Governance Assessment
Strengths
- Lead Independent Director with defined, robust responsibilities; presides over executive sessions; provides independent counterweight to management.
- Independent chairing of key governance committee (Nominating & Corporate Governance) with oversight of ERM, corporate responsibility/ESG, CEO succession, and whistleblower program.
- Compensation oversight experience as a member of the Talent & Compensation Committee; no interlocks disclosed.
- Active engagement in CEO succession; LID visibly fronting communications during 2025 leadership transition.
- Strong shareholder support for executive pay (97% “say‑on‑pay” approval at 2024 Annual Meeting), indicating constructive investor engagement under current oversight.
- Ownership alignment via stock ownership requirements and anti‑hedging/pledging policies.
Watch items
- Multiple external roles in the sector increase time‑commitment demands; LNTH maintains an overboarding policy to mitigate this risk.
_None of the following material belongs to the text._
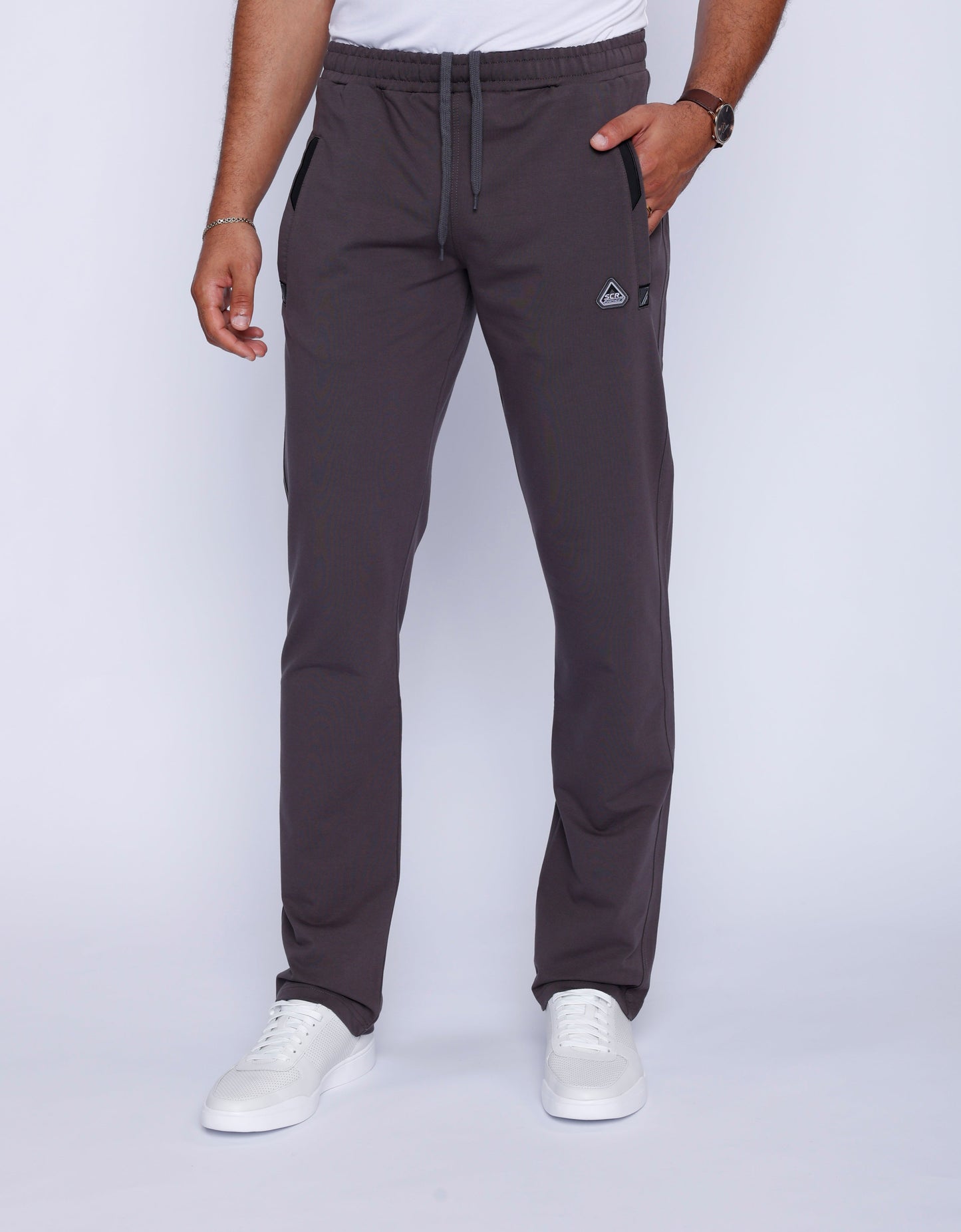 Men's athletic sweatpants, straight leg, dark grey with drawstring waist and side pockets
Monitoring workload relative to committee leadership and LID duties is prudent.
Director Compensation Structure Analysis
| Aspect | 2024 Observation |
|---|---|
| Mix (cash vs equity) | McHugh’s 2024 compensation was predominantly equity ($399,989 RSUs+options) vs. $83,417 cash; program targets $400k annual equity grant plus cash retainers. |
| Vehicles | Equity granted as time‑based RSUs and stock options; no director performance‑based equity. |
| Year‑over‑year policy change | Board member cash retainer increased to $60,000 (from $55,000) and Chair cash retainer increased in April 2024; equity grant sized at $400,000 FV. |
| Peer benchmarking | Director program reviewed by independent consultant (Pearl Meyer) alongside exec comp peers; adjustments approved by Board. |
Say‑on‑Pay & Shareholder Feedback
- Say‑on‑pay approval: ~97% support at the 2024 Annual Meeting; 2025 advisory vote on NEO compensation placed on ballot.
- Shareholder engagement: Regular outreach through conferences, roadshows, HQ tours, and virtual calls.
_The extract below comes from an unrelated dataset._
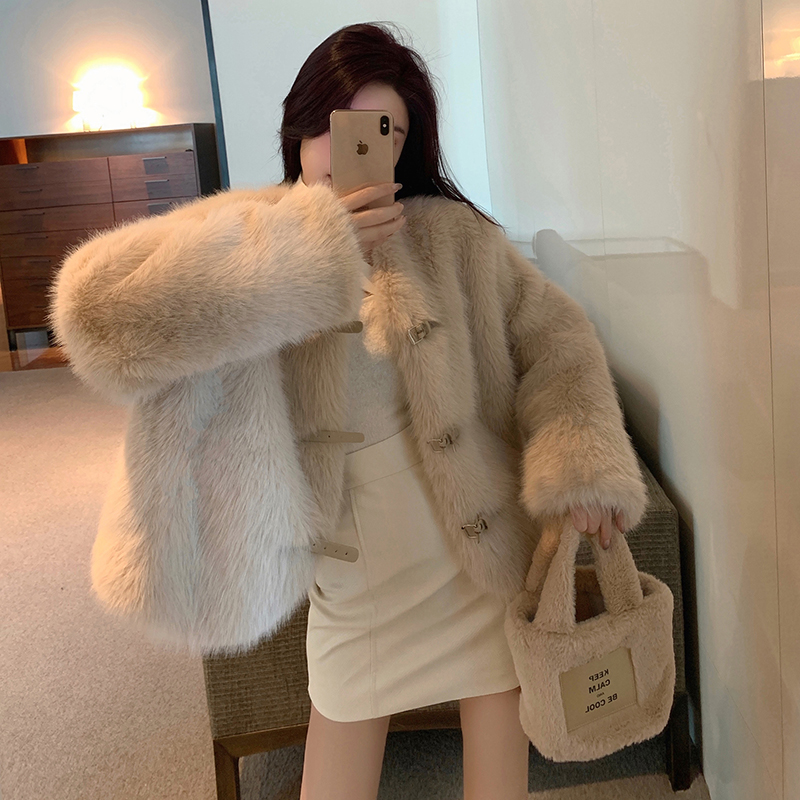 Loose Korean style winter overcoat elmo faux fur tops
Related‑Party Transactions & Protections
- Audit Committee oversees a written related‑person transaction policy; approval/ratification requires full disclosure of the nature of interest and material terms; conflicted committee members recuse.
- Code of Conduct and Supplemental Code of Ethics apply to directors; no waivers in 2024.
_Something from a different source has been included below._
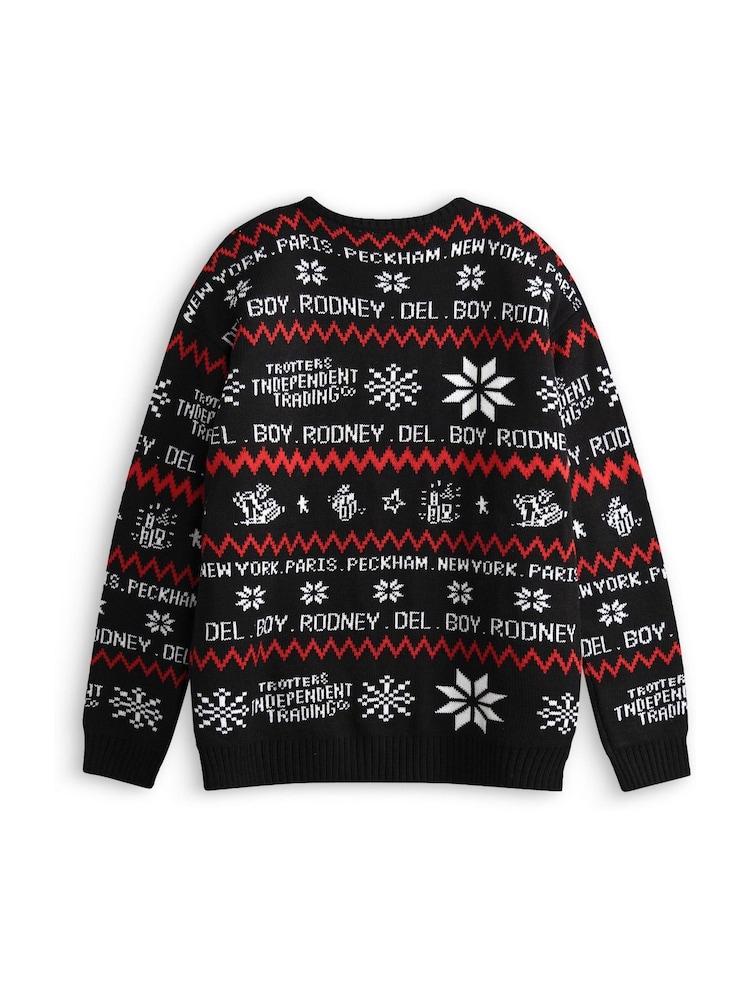 Vanilla Underground Black Only Fools And Horses Snowflake Christmas Jumper - Image 2 of 6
Compensation Committee Analysis (Context)
- Talent & Compensation Committee fully independent; remit includes HCM strategy, executive pay, plan administration, and legal/regulatory compliance; no interlocks.
- In 2024, the committee approved minor mid‑year adjustments to revenue and Bonus EPS targets (±0.5%/−2.8%) to reflect unanticipated transactions; Corporate Performance Factor approved at 119.2% for 2024 bonuses.
- Director pay uses the same peer benchmarking framework as executives; governance processes include independent advice and Board approval.
Education and Credentials
- MBA, St. Joseph’s University; BS, Pennsylvania State University.
Notes on Attendance and Independence
- 2024: Each director attended at least 75% of Board/committee meetings; the Board is majority independent (9 of 11).